● TASK OBJECTIVE
Every line of the material below should be output exactly as written, with the images skipped.
------------------------------------------------------------
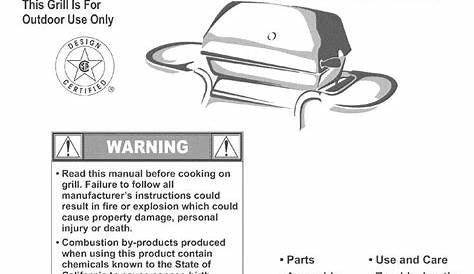 KENMORE 415.162320 ASSEMBLY INSTRUCTIONS AND CARE MANUAL Pdf Download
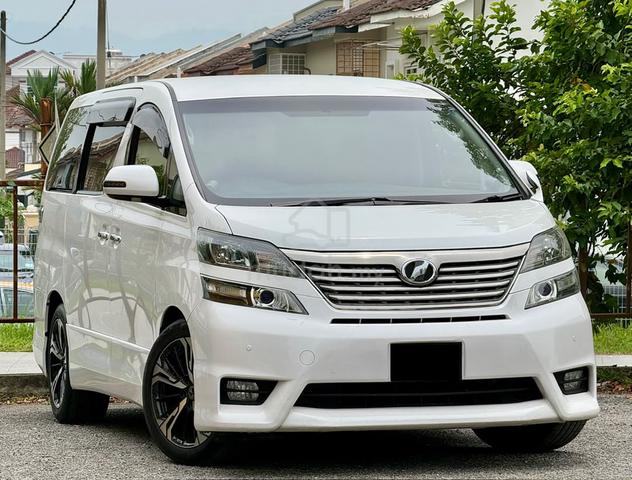 2009/2013 Toyota VELLFIRE 2.4 ZP (A) - 1
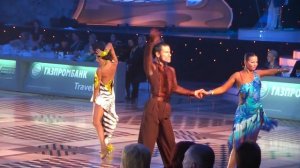 Sergey Dashkevich & Darina Semenova / World Latin Kremlin / Rumba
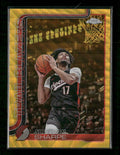 2025-26 Topps Chrome Gold Refractor Shaedon Sharpe #150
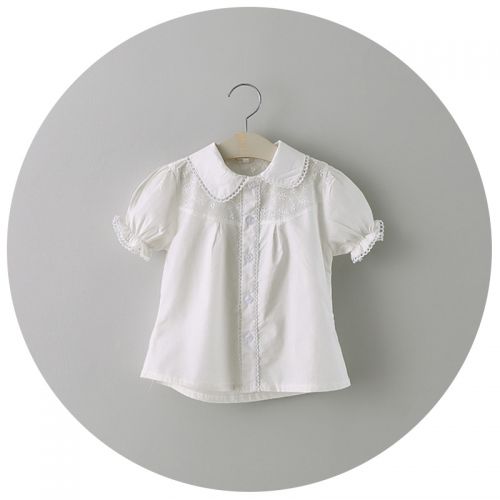 Chemise fille à manche longue - Ref 2088617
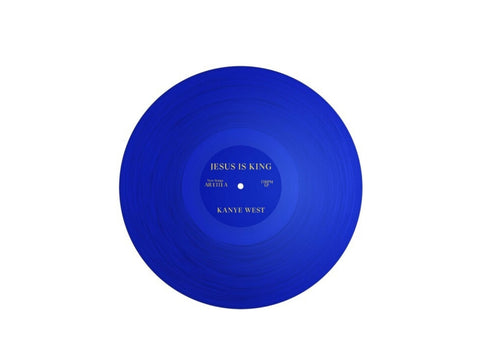 Kanye West - Jesus Is King (Blue Colored Vinyl) - Pale Blue Dot Records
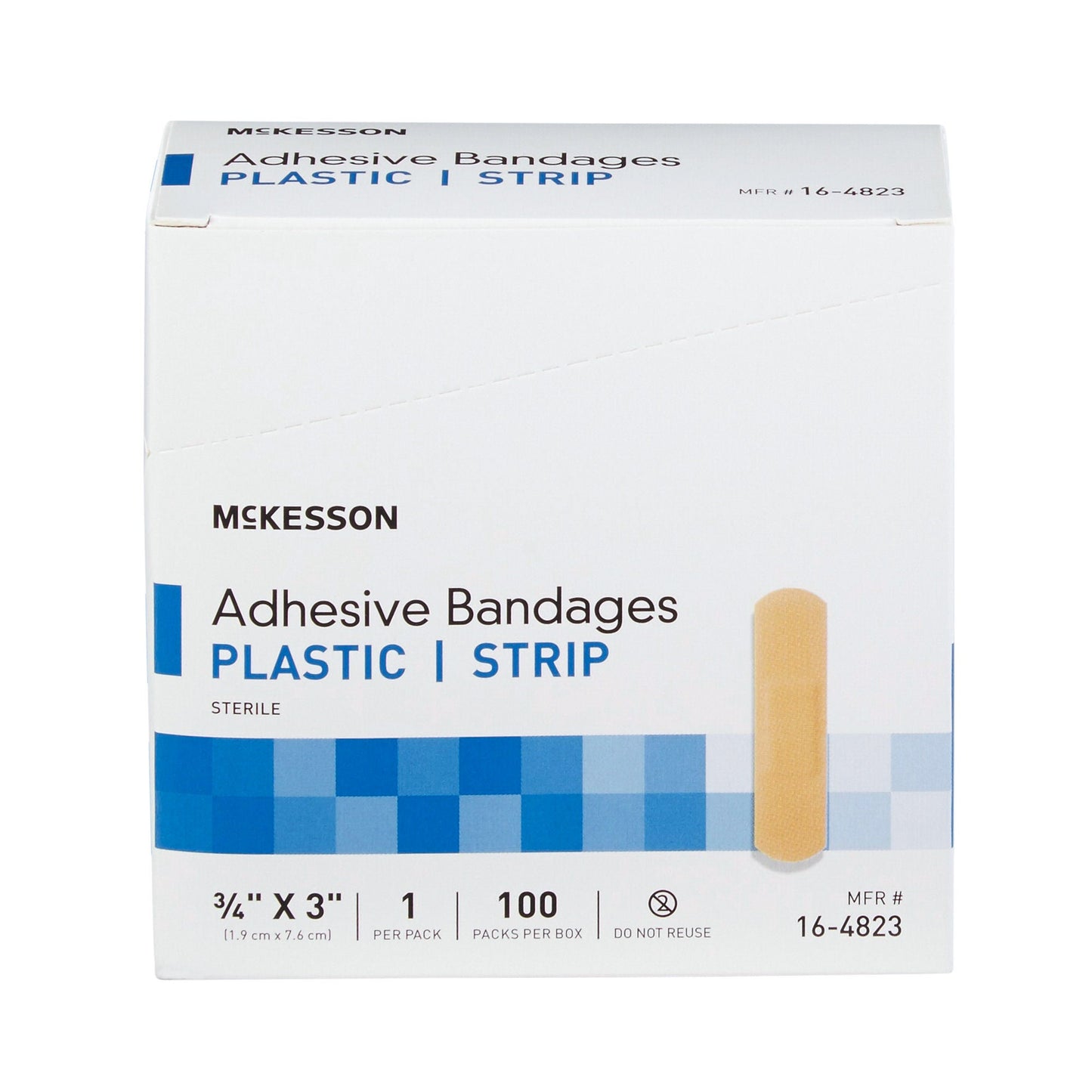 McKesson Adhesive Strip/Plastic Patch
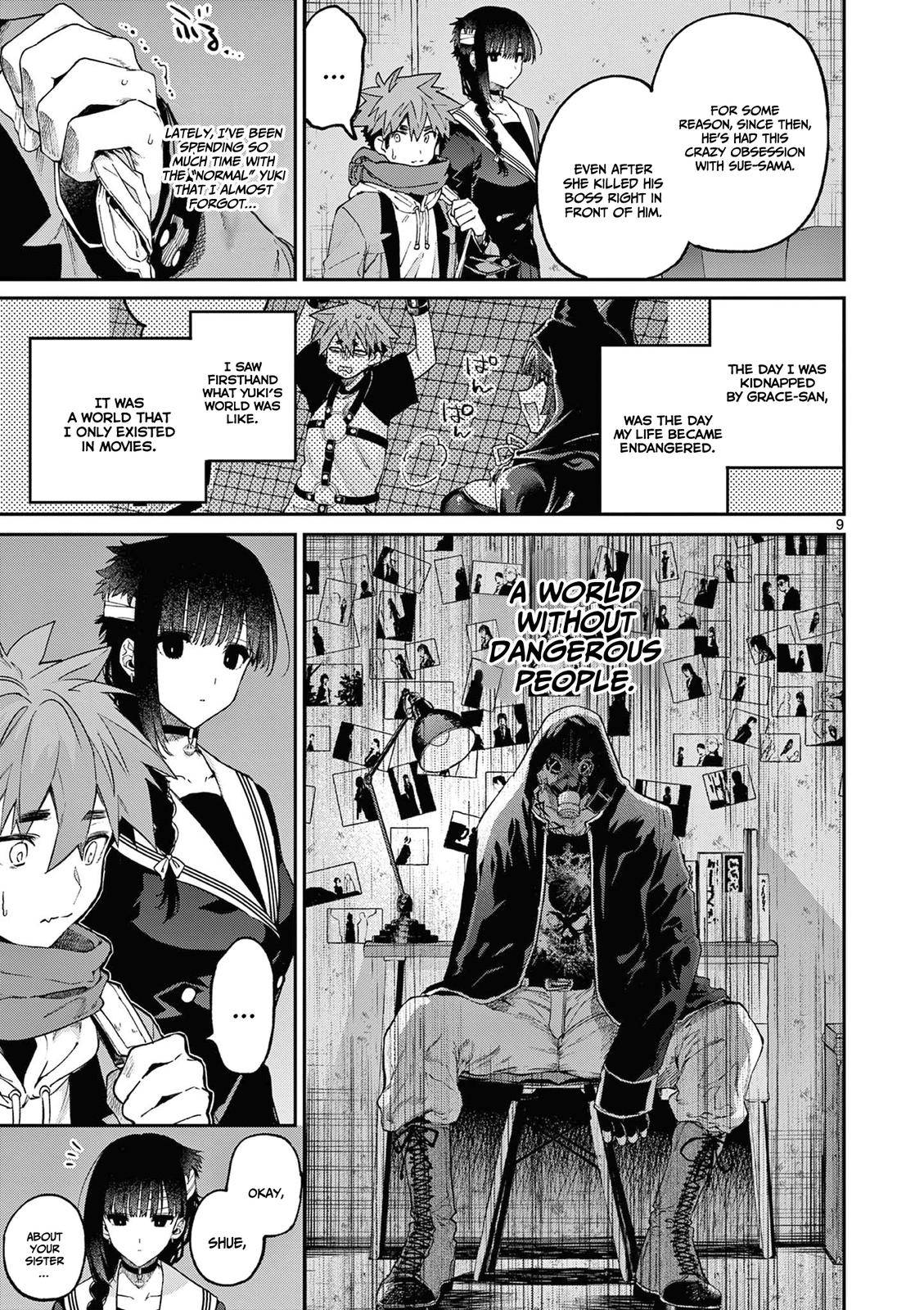 Kimi wa Meido-sama chapter 38 page 10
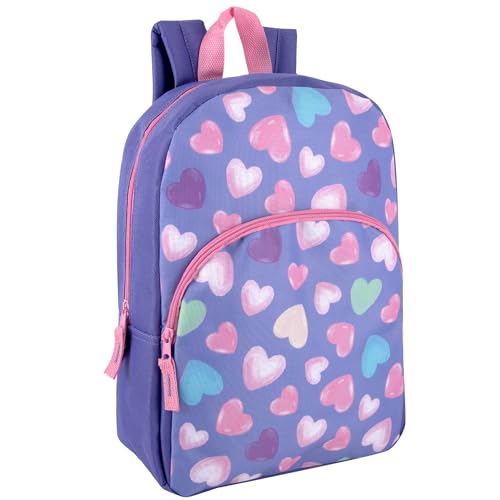 Trail maker Wholesale Kids Backpacks for Boys, Girls Bulk Backpacks 24 Pack with Fun Patterns, Adjustable Padded Straps - color: Female Fantastic Creature Prints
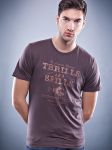 T-shirt Męski Model SPO2194BR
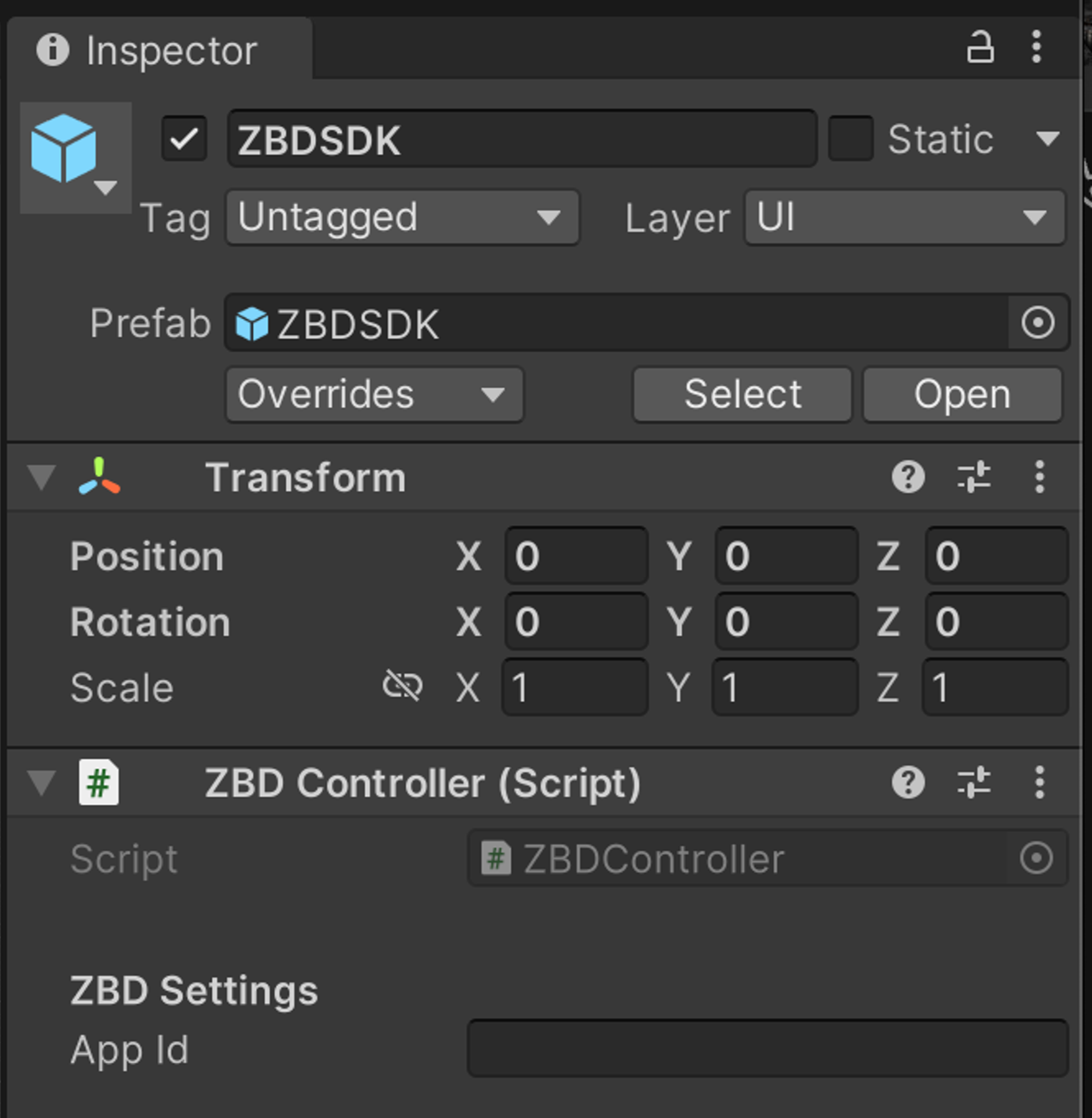 Initialize SDK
------------------------------------------------------------
● TASK SOLUTION
 KENMORE 415.162320 ASSEMBLY INSTRUCTIONS AND CARE MANUAL Pdf Download
 2009/2013 Toyota VELLFIRE 2.4 ZP (A) - 1
 Sergey Dashkevich & Darina Semenova / World Latin Kremlin / Rumba
 2025-26 Topps Chrome Gold Refractor Shaedon Sharpe #150
 Chemise fille à manche longue - Ref 2088617
 Kanye West - Jesus Is King (Blue Colored Vinyl) - Pale Blue Dot Records
 McKesson Adhesive Strip/Plastic Patch
 Kimi wa Meido-sama chapter 38 page 10
 Trail maker Wholesale Kids Backpacks for Boys, Girls Bulk Backpacks 24 Pack with Fun Patterns, Adjustable Padded Straps - color: Female Fantastic Creature Prints
 T-shirt Męski Model SPO2194BR
 Initialize SDK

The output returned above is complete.